On November 24, 2000, through a joint venture, Rogers Media (33.34%), Shaw Communications (33.33%) and TechTV US (33.33%) were granted approval by the Canadian Radio-television and Telecommunications Commission (CRTC) to launch a Canadian version of the U.S. television channel TechTV, described by its nature of service as "providing programming about computing, technology and the Internet." The channel launched on September 7, 2001, as the Canadian version of TechTV.

After months of speculation, on March 25, 2004, Comcast announced it would acquire TechTV from Vulcan Programming Inc., with plans to merge TechTV with its own gaming-related channel, G4. As part of the purchase, Comcast acquired TechTV's 33.33% interest in the Canadian version, spinning it off into its subsidiary, G4 Media.
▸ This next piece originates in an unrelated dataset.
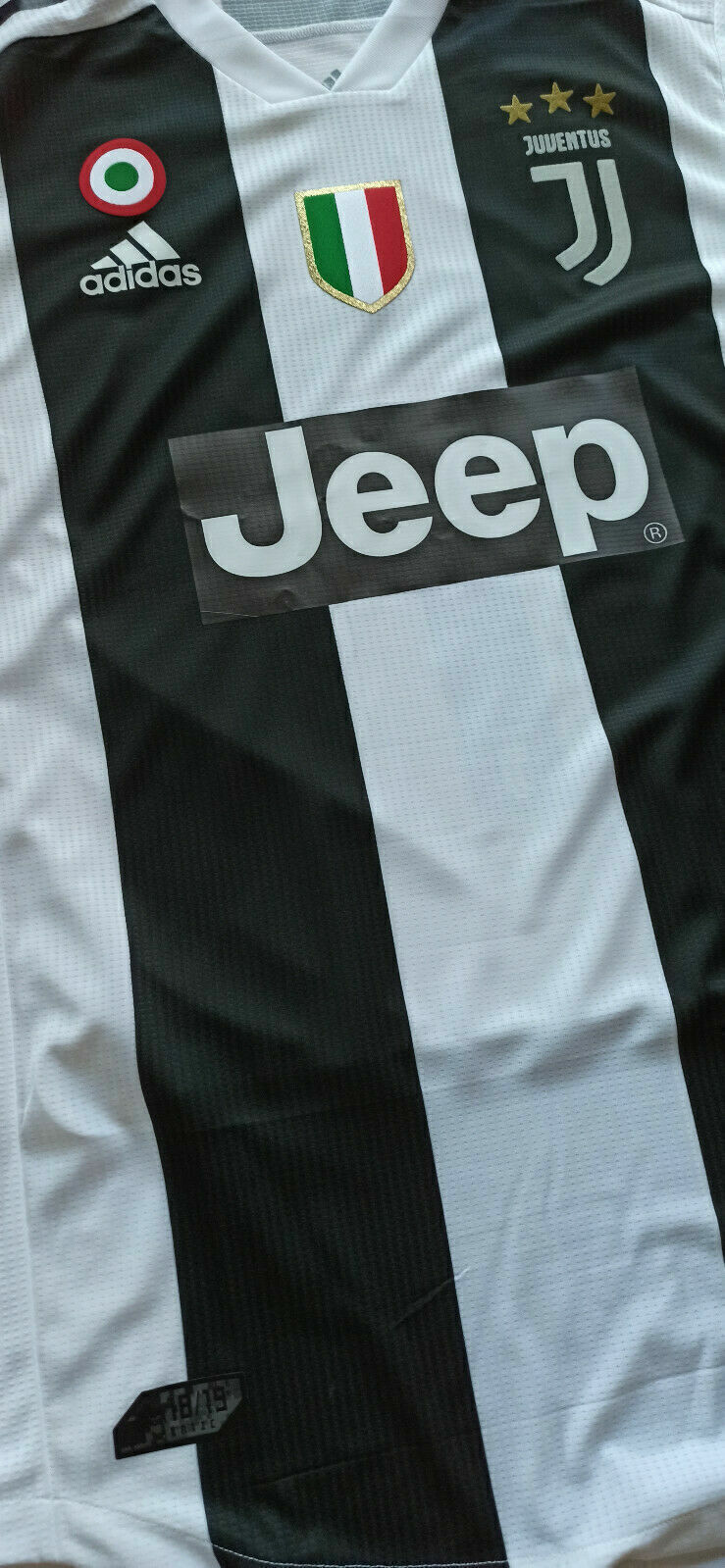 maglia calcio match worn Cristiano Ronaldo Sign juventus climachill 2018-19 Jeep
The transaction was completed on May 10, and the American services were merged into G4techTV on May 28, 2004. TechTV Canada would follow suit and be renamed G4techTV. On February 15, 2005, less than a year after the merger, the American version was renamed back to G4. In June 2006, Shaw Communications sold its interest in the channel to the managing partner, Rogers Media. At an unknown date, Comcast also sold its interest to Rogers, giving it full ownership.
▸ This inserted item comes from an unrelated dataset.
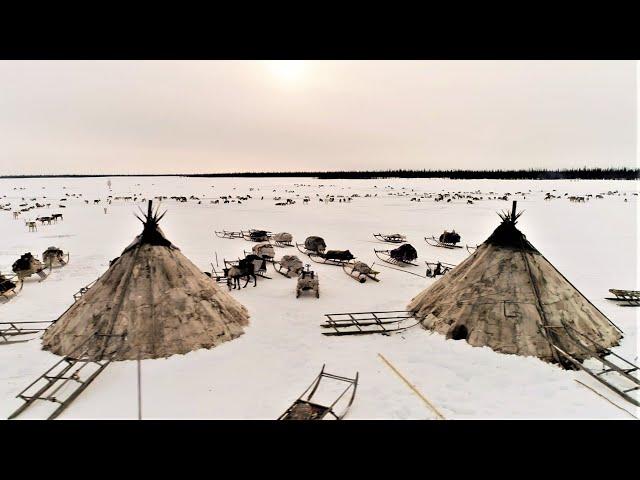 Чум, вигвам и типи - жилище коми зырян | Siberian tent - choom or teepee. The warmest nomad's house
In 2013, the American version was scheduled to be rebranded as the Esquire Network due to low ratings. However, at the last minute, its parent company decided to rebrand Style Network instead due to the latter's more expanded pay-TV carriage. G4 Canada's social media channels went dormant. However, they were still active after that point, with its website remaining in the same design since the early 2010s (though new content continued to be cycled in). G4 Canada launched a high-definition feed of its own on December 4, 2014, while its American counterpart ceased operations at the end of 2014.
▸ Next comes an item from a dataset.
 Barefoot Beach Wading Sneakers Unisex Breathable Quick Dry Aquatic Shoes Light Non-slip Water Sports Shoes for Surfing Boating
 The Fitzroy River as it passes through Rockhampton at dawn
The channel's sole first-run shows, EP Daily and Reviews on the Run ceased broadcast after December 2015, as G4 Canada shifted away from technology-themed programming to more general interest programming. Much of the channel's schedule now consisted of series syndicated from other Rogers television channels, with the CRTC's required tech-related programming relegated to out-of-date library content aired in the morning hours.

On July 5, 2017, Cartt reported via a Rogers representative that G4 would shut down on August 31, 2017, and that it would not be replaced with a new service. The channel shut down at midnight on that date. The channel space created by TechTV in 2001 ceased to exist shortly after. The representative cited "the current competitive television landscape" and a desire to focus on Rogers' "core specialty portfolio"; some of its programming were moved to Citytv. The CRTC approved the revocation of G4's licence in August 2017. On all cable providers, G4 was either replaced by OLN or TSC. By coincidence, G4's Canadian iteration outlasted both its American mother network and Esquire Network, G4's intended replacement, which ended all operations on June 28, 2017. Canada never received the limited relaunch of G4 from the United States in the fall of 2021 before its shutdown nearly a year later, though some of its content was available region-free via YouTube and Twitch.

==Programming==

The channel primarily aired technology and gaming-related programming acquired from its American counterparts, along with several Canadian-produced series. During its final years, G4 would air reruns of shows sourced from Rogers' sibling networks.

==Distribution==
As a category 1 television service, G4 Canada carriage was mandatory for all digital cable and direct broadcast satellite providers in Canada in English-majority markets with channel capacity.

G4, under the name G4techTV, was broadcast internationally in Barbados. The government-owned Caribbean Broadcasting Corporation in Barbados switched from providing the American-based feed, in favour of the Canadian channel for its cable television network known as Multi-Choice TV. The provider discontinued carriage before the network's shutdown.